Oversight only works when people compare notes across places.
Small “hold rooms.” Weeks of detention. No transparency.
When facilities built for short processing quietly become long-term detention sites, the question is no longer logistics — it’s accountability.
This matches what we have been seeing in New York City. ICE has been detaining people in an office building in Manhattan for far being what is constitionally permissible. When lawmakers protested (and got arrested) on one floor, ICE seemingly just moved everyone to another floor: https://crossingpointspolicy.substack.com/p/discovery-as-disobedience?utm_source=share&utm_medium=android&r=th8gw
That’s what makes this bigger than one state. When the same pattern appears in Colorado and New York, it stops looking like an isolated incident and starts looking like a systemic practice.

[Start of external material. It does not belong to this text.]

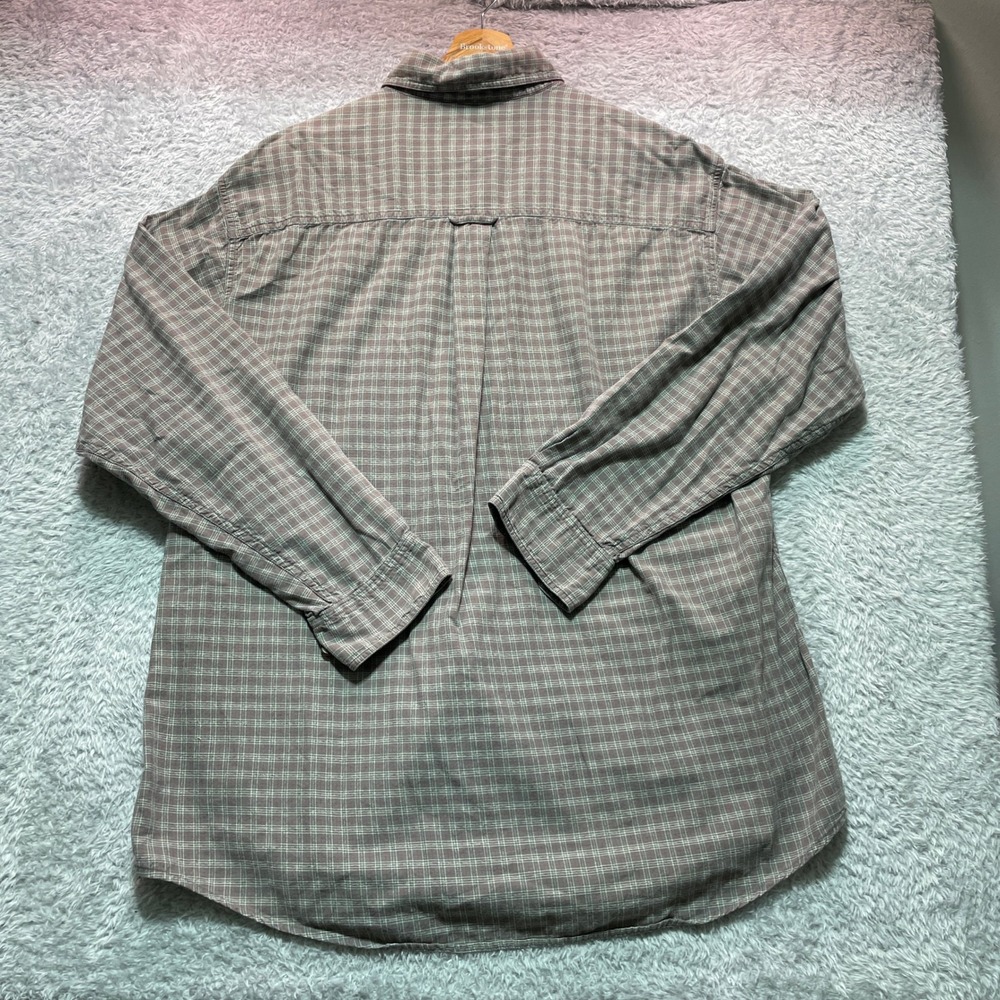 Woolrich Mens Large Plaid Button Down Shirt Grey Red Long Sleeve Outdoor L - Picture 4 of 7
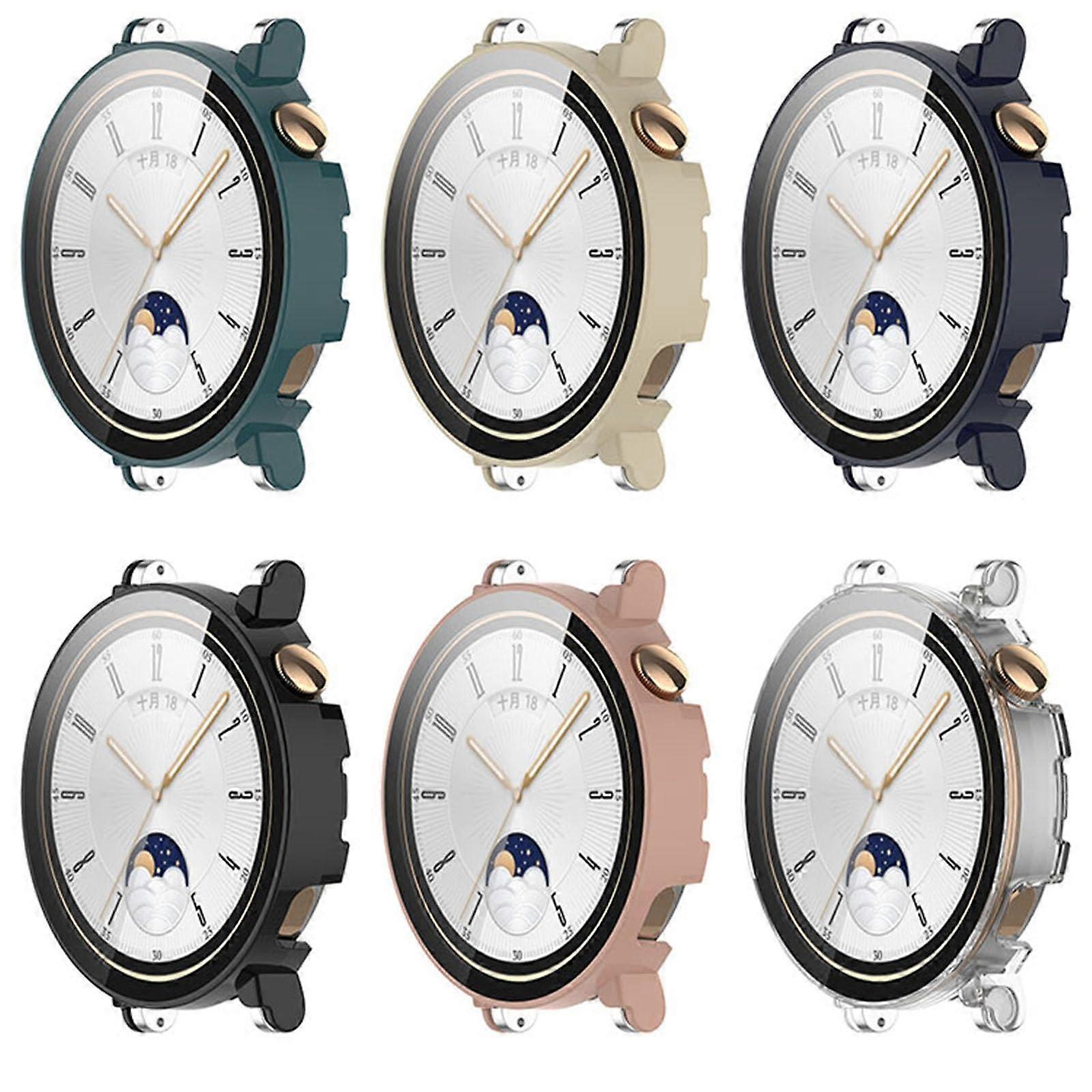 Case with Tempered Glass Screen Protector for Huawei Watch GT4 41mm, Full Coverage, 6 Pack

Oversight only works when people compare notes across places.
Thank you for sharing this. This is nowhere to be found in my local news.
Thank you for saying that. A lot of these stories never reach local news unless someone pushes them into the open.
Silence is what allows it to continue without scrutiny.
Thank you for sharing this horrific reality
Thank you for paying attention to it. A lot of this only comes to light because people like us share the reporting and refuse to let it stay hidden.
Visibility is often the first step toward accountability.